Angeblich störten 3 Ziegen den Ellwanger Oberbürgermeister ( CDU). Amtseidwidrig 'regelte' dies die Stadt für ihn und war damit auch prozessual erfolgreich. Regierungspräsidium und Gerichte nahmen die vorgetragenen Rechtsverstöße der Ziegengegner teilweise beharrlich nicht zur Kenntnis.
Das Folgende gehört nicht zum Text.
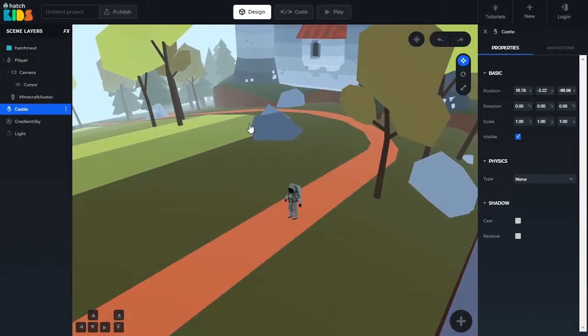This was all about the tools available in the design section. In the next few videos, we are going to explore more about the XYZ values of the position, rotation, and scale properties in our 3D coordinate system. We are also going to understand what the different kinds of 3D objects you can add are, and each of the individual properties available for the different categories of 3D objects. Thank you for watching this and see you in the next video.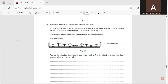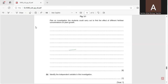Moving to question number three: plants can be provided with fertilizer to help them grow. Students were provided with germinated seeds of the same species in shallow dishes and a 10% fertilizer solution, as shown in figure 3.1. We need to plan an investigation to find the effect of different fertilizer concentrations on plant growth, using three dishes with different concentrations.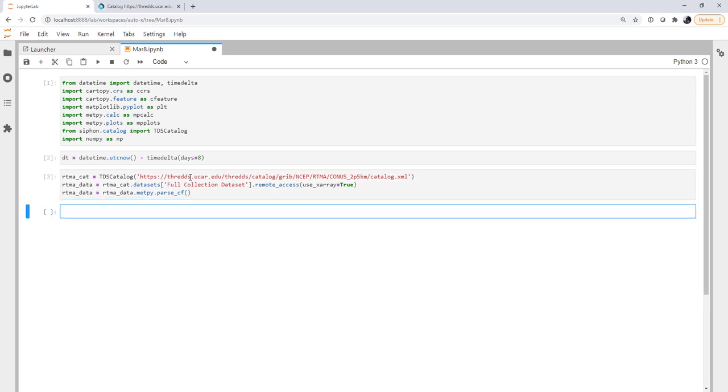Now if we remember that variable list, or we go back and pull it up, we can get things like pressure, temperature, and dew point, which are what we need to calculate equivalent potential temperature. So let's go ahead and get those variables.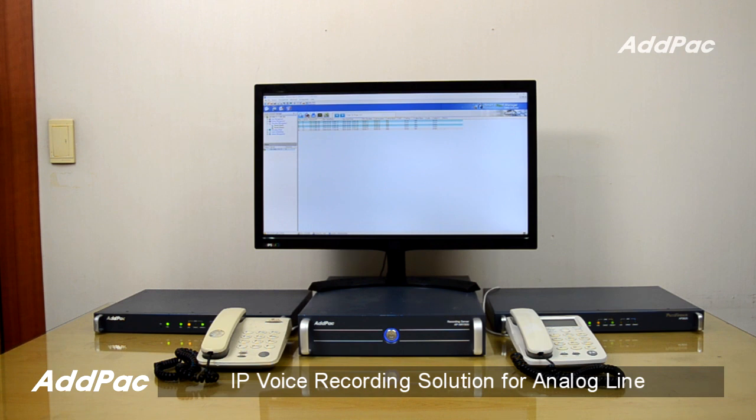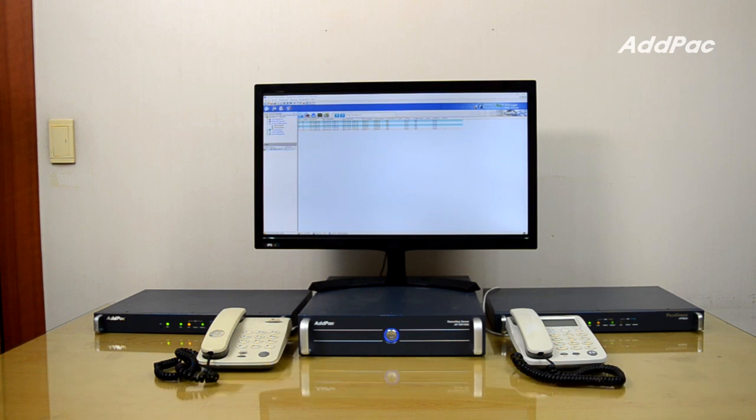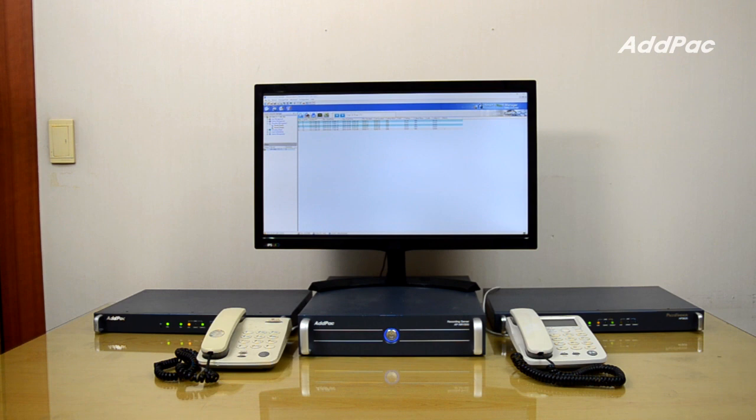IP Voice Recording Solution for Analog Line consists of APNR1500 IP Voice Recording Server, Smart Voice Recording Management Software, and Voice Recording Specialized Analog VoIP Gateway.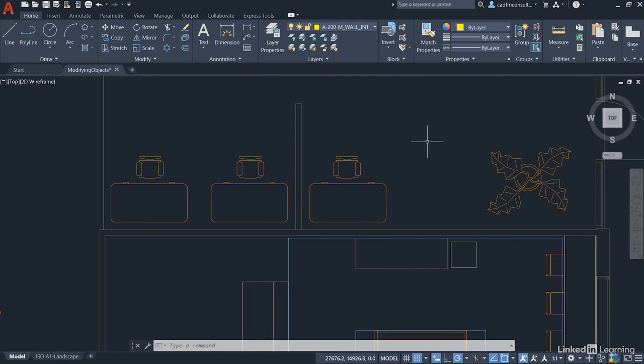So, what we've done there is we've utilized our Offset to create the partition wall and we've utilized our Mirror command to create some nice equal spacing for the desks either side of the partition wall as well. And as you can see, very quick and easy to use and again, more tools to allow you to modify the objects in your AutoCAD drawings.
Mit grundrechtswidrig überhöhten Zwangsgeldern von 4000.-DM, 6000.- DM und nochmals 4000.-DM setzte sich die Stadt schließlich gegen uns durch, wobei der baden-württembergische Petititonsausschuß dieses Vorgehen ausdrücklich billigte, weil unser bloßes Bestehen auf Beachtung des Grundgesetzes Art 20 Abs 3 GG angeblich Widerstand sei.

 

 

 

Eisenmann - Wahle - Birk
Rechtsanwälte und Notar
Stuttgart Dresden

 

Verwaltungsgericht Stuttgart
Augustenstr. 5

70178 Stuttgart

 

Stuttgart, 28.08.97 B/mh

Dieterich (Melhorn/Ellwangen)

 

Az.: 6 K 4976/96 -

 

In der Verwaltungsrechtssache

Melhorn / Stadt Ellwangen

wegen: Nutzungsuntersagung

beigeladen: Herr Dr. Hans-Helmut Dieterich

 

wird folgendes vorgetragen:

Die Klage hat keine Aussicht auf Erfolg, da sowohl die Nutzungsunter-sagung vom 20.06.1996 der Stadt Ellwangen als auch der Widerspruchsbescheid des Regierungspräsidiums Stuttgart vom 05.11.1996 rechtmäßig sind und den Kläger nicht in seinen Rechten verletzen.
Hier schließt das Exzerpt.